L’Amérique du Nord célèbre la fête du Travail le premier lundi de septembre, mais le congé en l’honneur des travailleurs a plutôt lieu le 1er mai à plusieurs endroits sur la planète. Explications.

Férié dans plusieurs pays, le 1er mai, qui est la Journée internationale des travailleurs, donne lieu à de nombreuses manifestations syndicales dans le monde. Il est dédié à la mémoire des grévistes de Chicago qui luttèrent pour la journée de huit heures au XIXe siècle. En Amérique du Nord toutefois, la journée de repos consacrée aux travailleurs tombe en septembre. Pourquoi cette divergence de traditions?

1872 Des dizaines de milliers de travailleurs manifestent dans la région de Toronto, en soutien aux imprimeurs en grève. Leur revendication : une journée de travail de 9 heures au lieu de 12 ou 14 comme c’était la norme. Le mouvement se propagera jusqu’à Montréal et Halifax.

1882 Le 5 septembre à New York, une organisation syndicale tient un défilé réunissant 10 000 travailleurs. L’événement culmine dans un parc, avec un pique-nique, un concert et des discours. Selon l’Encyclopédie canadienne, il aurait été inspiré par le mouvement né à Toronto.

1884 Des syndicats américains se donnent deux ans pour obtenir la journée de travail de huit heures. Les principaux moyens de pression ont lieu le 1er mai, date du début de l’exercice comptable de plusieurs entreprises à cette époque.

1886 Le 1er mai, à Chicago, quelque 35 000 travailleurs descendent dans la rue. Le 3 mai, des ouvriers en lock-out de l’usine d’équipement agricole McCormick se heurtent à des briseurs de grève. La police intervient et tire dans la mêlée, tuant au moins deux travailleurs.

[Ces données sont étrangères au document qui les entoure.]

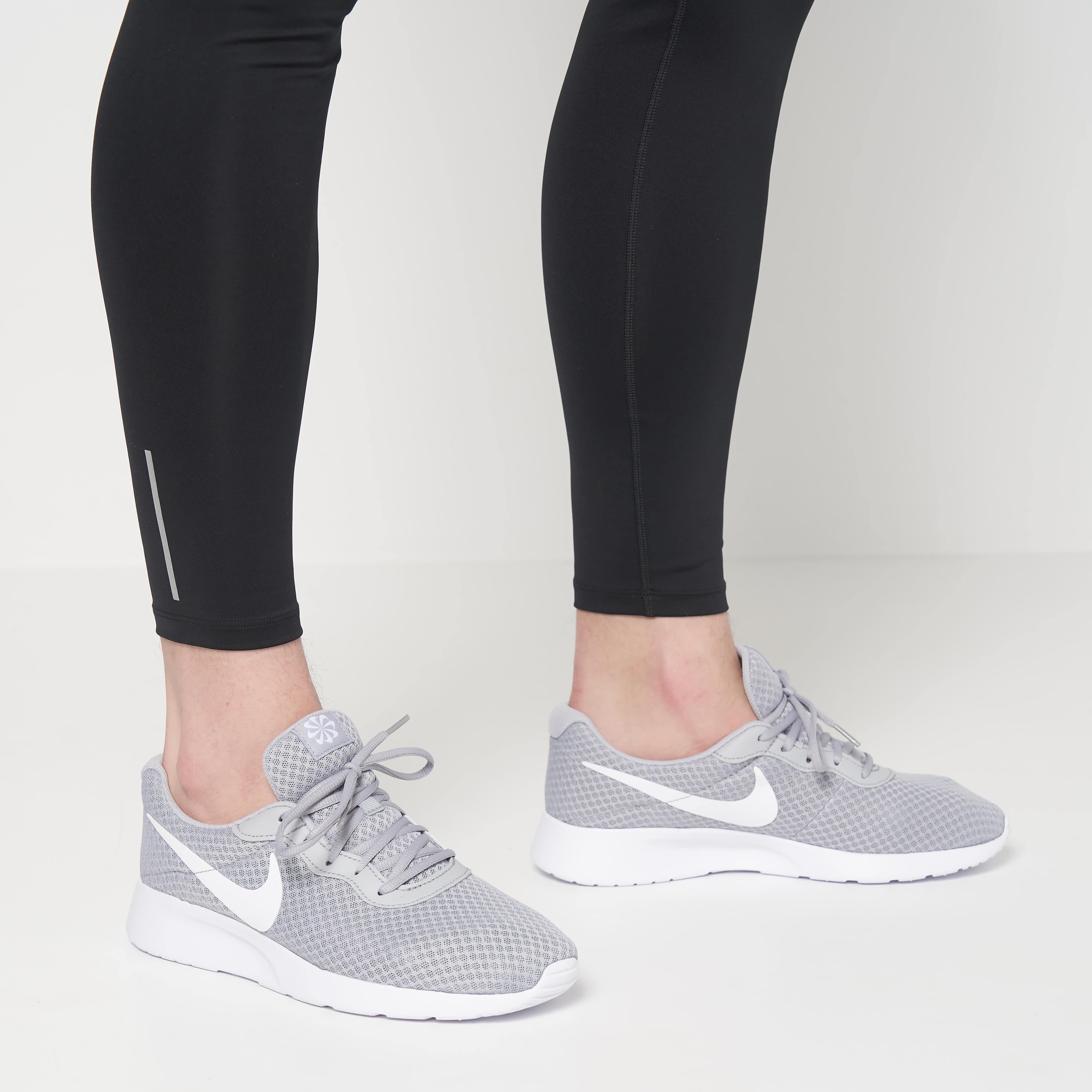 Кросівки чоловічі Nike Tanjun (DJ6258-002) — фото 9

Le lendemain, 200 manifestants dénoncent la brutalité de la police à Haymarket Square. Les forces de l’ordre interviennent en nombre équivalent. Une bombe éclate, tuant sept policiers. Leurs collègues répliquent en tirant dans la foule; quatre manifestants périssent. À la suite d’arrestations, huit syndicalistes anarchistes sont accusés du meurtre des policiers. Sept seront condamnés à mort (un sera gracié et un autre se suicidera la veille de l’exécution).

1889 À la mémoire des travailleurs de Chicago, la Deuxième Internationale socialiste réunie à Paris déclare le 1er mai journée d’arrêt de travail et de manifestations.

Dans la première moitié du XXe siècle, plusieurs pays d’Europe, d’Amérique latine et d’Asie ont fait du 1er mai un jour férié. On l’appelle Journée internationale des travailleurs, ou fête des Travailleurs.

1894 Le syndicat des cheminots américains appelle au boycott de l’entretien des voitures de chemins de fer Pullman, en solidarité avec les travailleurs en grève de cette usine située près de Chicago. À la suite de pressions de l’industrie ferroviaire, le président américain Grover Cleveland déclare la grève illégale et envoie 12 000 policiers et soldats pour casser le mouvement. Deux travailleurs sont tués dans des affrontements.

Ces événements dressent l’opinion publique contre le gouvernement. Soucieux de sa réélection, le président fait voter un congé pour les travailleurs. La date retenue, le premier lundi de septembre, fait écho au mouvement lancé à New York en 1882, mais aussi à une volonté d’équilibrer le calendrier des jours fériés. La date du 1er mai a été exclue d’office, pour éviter toute association avec le mouvement socialiste.

Au Canada, la loi officialisant la fête du Travail a été votée le 23 juillet 1894, suivant deux décennies de luttes des travailleurs pour la reconnaissance de leurs droits.

Au Québec, plusieurs syndicats soulignent le 1er mai par solidarité avec leurs homologues européens. Lorsque le salaire minimum augmente, c’est souvent à cette date que la hausse entre en vigueur.